| CRIME — Court of Appeal (Criminal Division) — Jurisdiction — Crown applying for leave to appeal judge’s ruling dismissing charges against defendant — Whether right of appeal existing — Crime and Disorder Act 1998, s 51, Sch 3, para 2 — Criminal Justice Act 2003, s 58
R v Thompson and another [2006] EWCA Crim 2849
CA: Rix LJ, Dobbs J and Sir Charles Mantell: 22 November 2006
The Crown’s right of appeal under s 58 of the Criminal Justice Act 2003 did not extend to a judge’s ruling pursuant to para 2 of Sch 3 of the Crime and Disorder Act 1998, since that procedure could only lead to the dismissal of a charge or the quashing of an indictment, it could not result in the acquittal of the defendant.
The Court of Appeal (Criminal Division) so held in refusing an application by the Crown under s 58 of the Criminal Justice Act 2003 for leave to appeal against the dismissal on 29 September 2006 by Judge Ticehurst at Bristol Crown Court of charges against Glyn Thompson and Brian Hanson of various offences against the Revenue, and the quashing of counts in an indictment relating to those charges, pursuant to para 2 of Schedule 3 of the Crime and Disorder Act 1998.
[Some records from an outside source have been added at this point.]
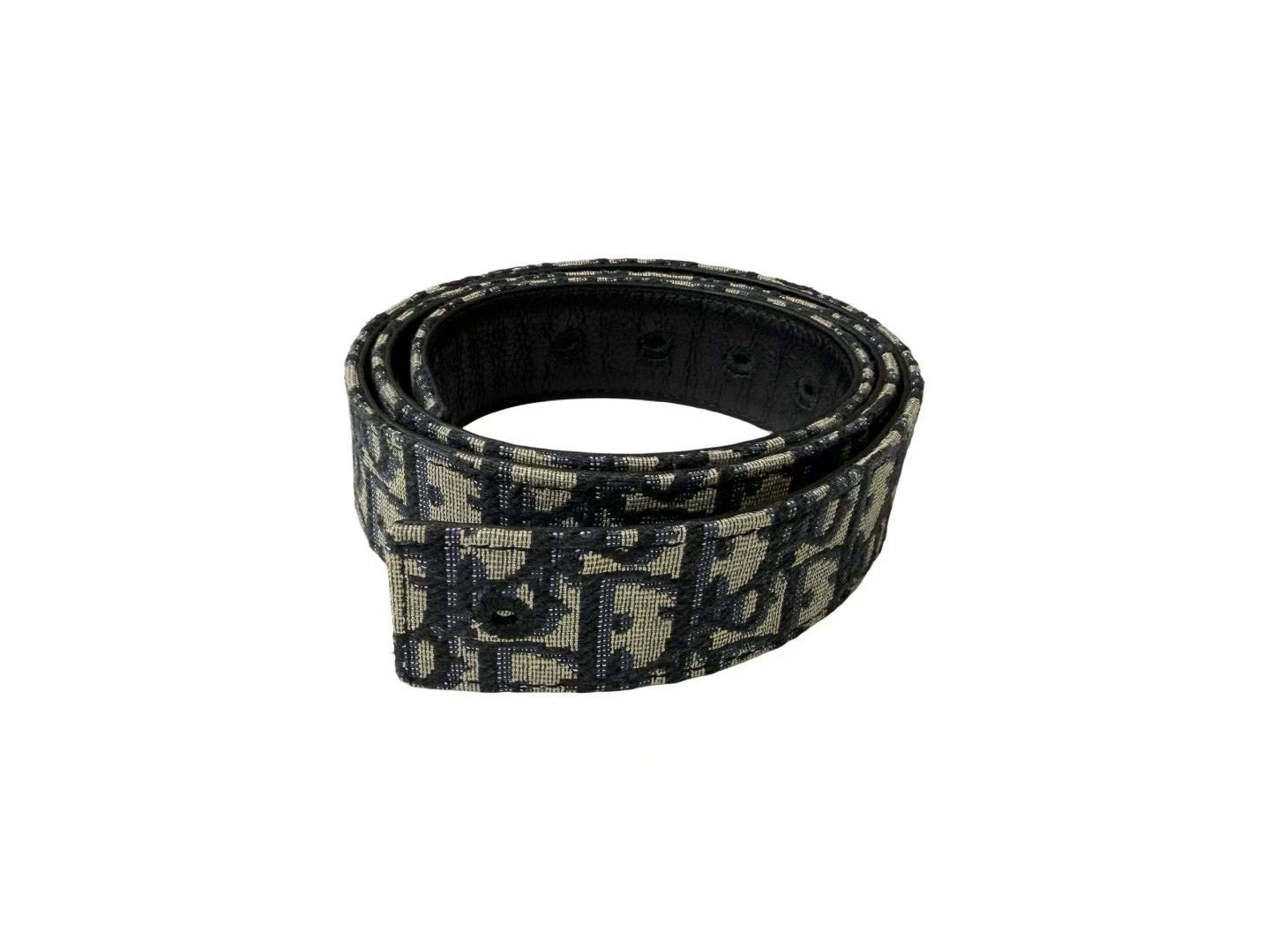 Dior Dior Monogram Belt with Gold Buckle Size ONE SIZE - 3 Thumbnail
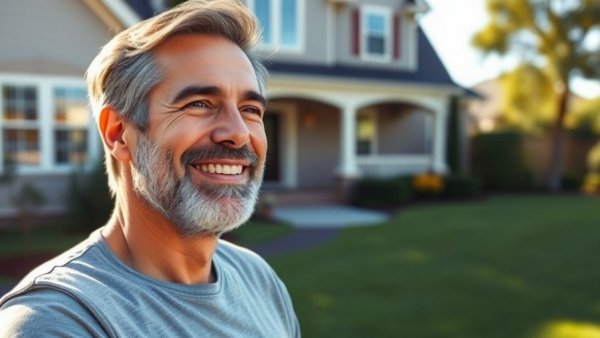 Build equity in your home - content man in front of house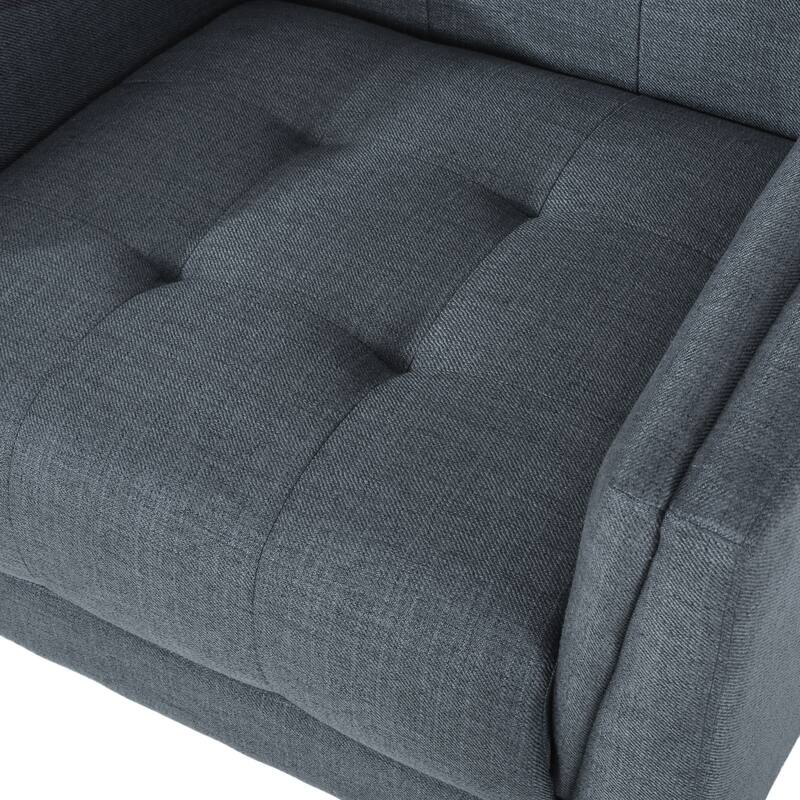 Dark Grey Modern 30.5" Upholstered Button Tufted Arm Chair with Sturdy Rubber Wood Legs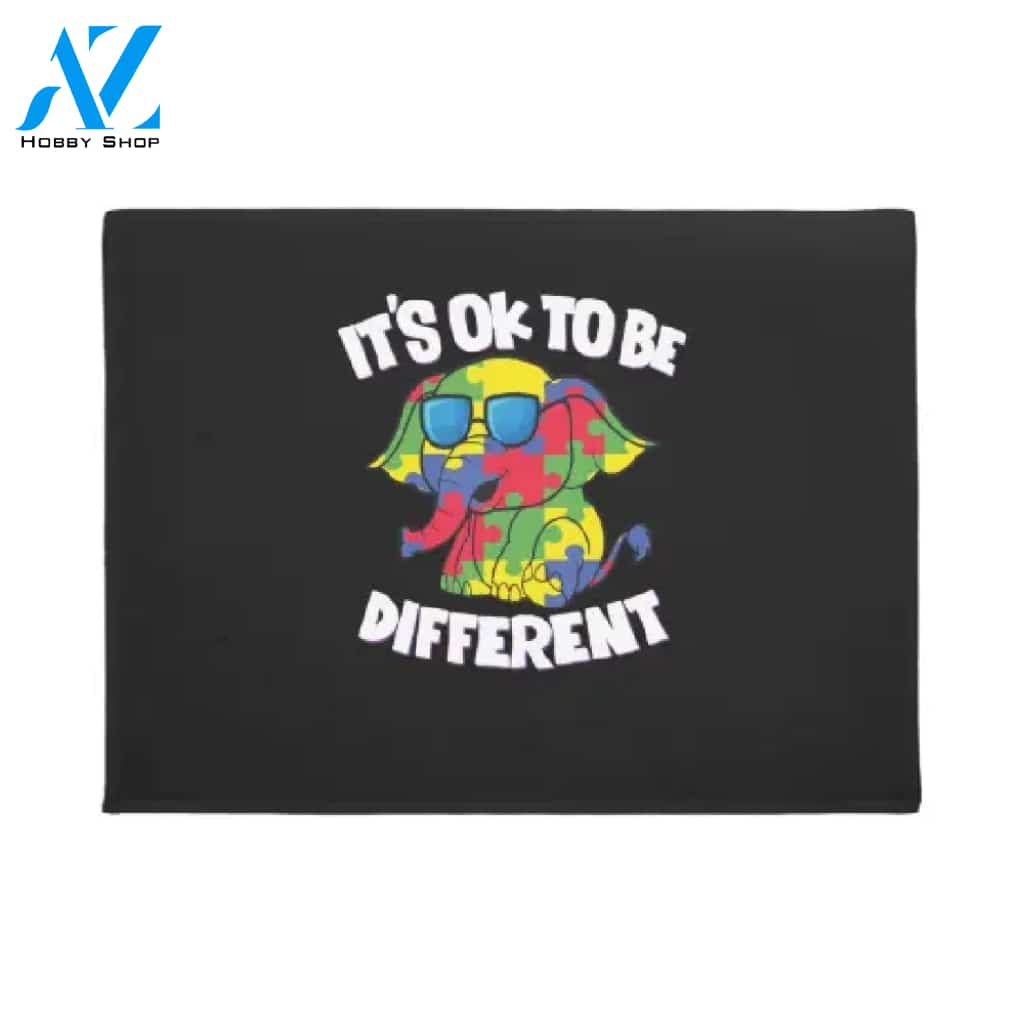 Autism Awareness Elephant - It's Ok To Be Different Doormat Welcome Mat House Warming Gift Home Decor Gift for Elephant Lovers Funny Doormat Gift Idea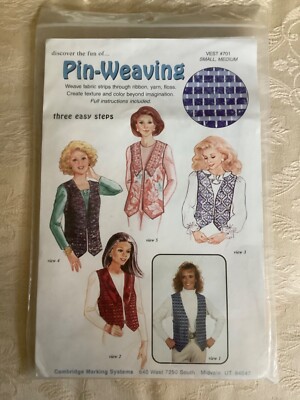 Cambridge Marking Systems PIN-WEAVING VEST Pattern #701 SIZE Small Medium UNCUT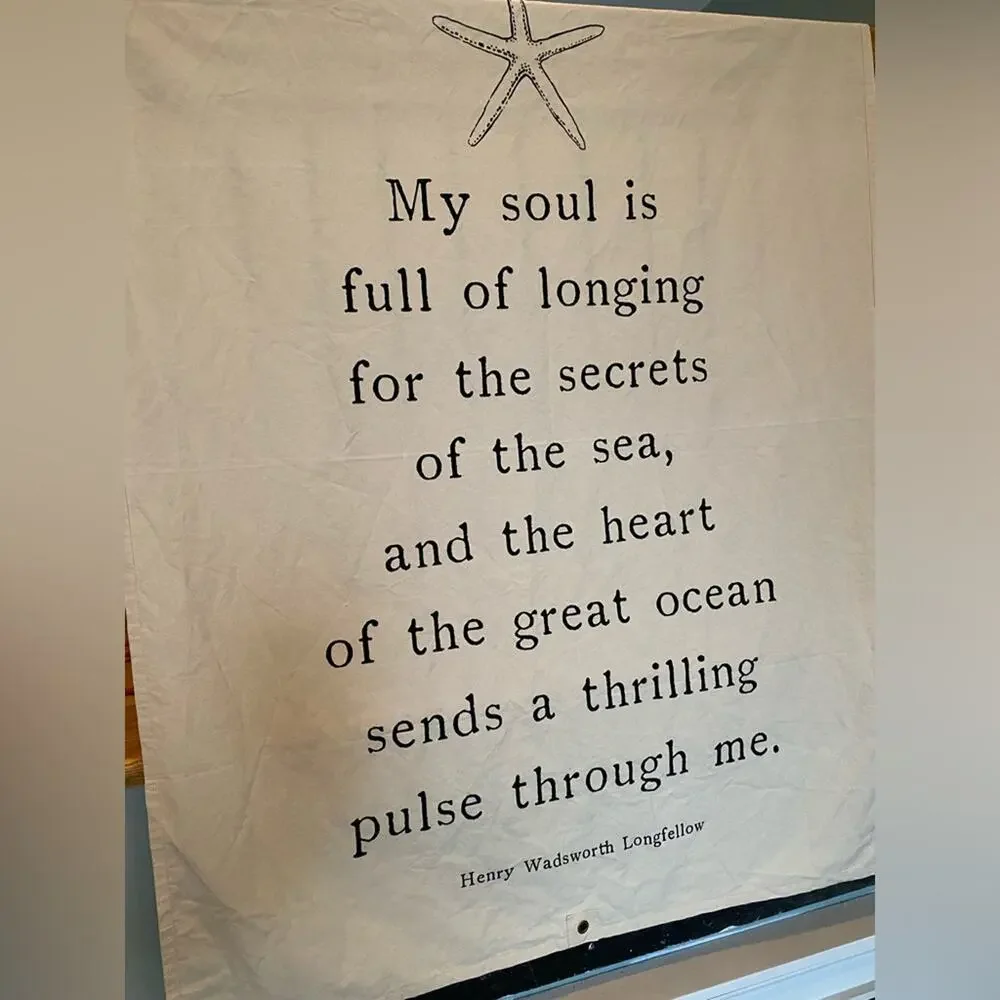 Coastal Wall Hanging Quote By Henry Wadsworth Longfellow‎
RIX LJ, in the reserved judgment of the court, said that the defendants had been sent for trial to the Crown Court, pursuant to s 51 of the Crime and Disorder Act 1998. It was therefore open to them to challenge the adequacy of the Crown’s case in advance of trial by use of the procedure contained in Sch 3 to the 1998 Act. Their Lordships observed that the application under para 2 of Sch 3 could only be made before arraignment; that the result of a successful application was that the charge was dismissed and, if an indictment had been preferred, the relevant count was quashed; and that, where a charge was dismissed, “no further proceedings” might be brought on it except by means of the preferment of a voluntary bill of indictment. In their Lordships’ view it followed that since the defendants had not yet been arraigned, the dismissal of the charge and quashing of the count did not amount to a formal acquittal of the defendants. Their Lordships observed, inter alia, that “ruling” was given a broad and inclusive definition in s 74(1) of the 1998 Act; that the basic subject matter was a ruling “in relation to a trial on indictment” (s 58(1)); that the language “terminating ruling” was not the language of the statute but that, by reason of the self-policing provisions of s 58(8) and (9), the effect of failure on the part of the prosecution was the acquittal of the defendant in respect of the offence concerned; and that there was nothing in the statute expressly to amend or qualify the provision in Sch 3 to the 1998 Act that, upon dismissal of a charge, no further proceedings might be brought except by way of voluntary bill of indictment. Defence counsel submitted that, broad as some of the language of s 58 was, there had never been any intention to embrace an appeal from a dismissal of a charge or the quashing of an indictment under the Sch 3 procedure. Since that procedure could only lead to the dismissal of a charge or the quashing of an indictment, it could not result in the acquittal of the defendant. And yet the acquittal (or prospective acquittal) of a defendant was the necessary premise of the s 58 procedure: see ss 58(8), 58(12) and 61(3). Their Lordships agreed that for those reasons there was no jurisdiction under s 58 of the 2003 Act to give leave to appeal a ruling under para 2 of Sch 3 of the 1998 Act and the application was refused.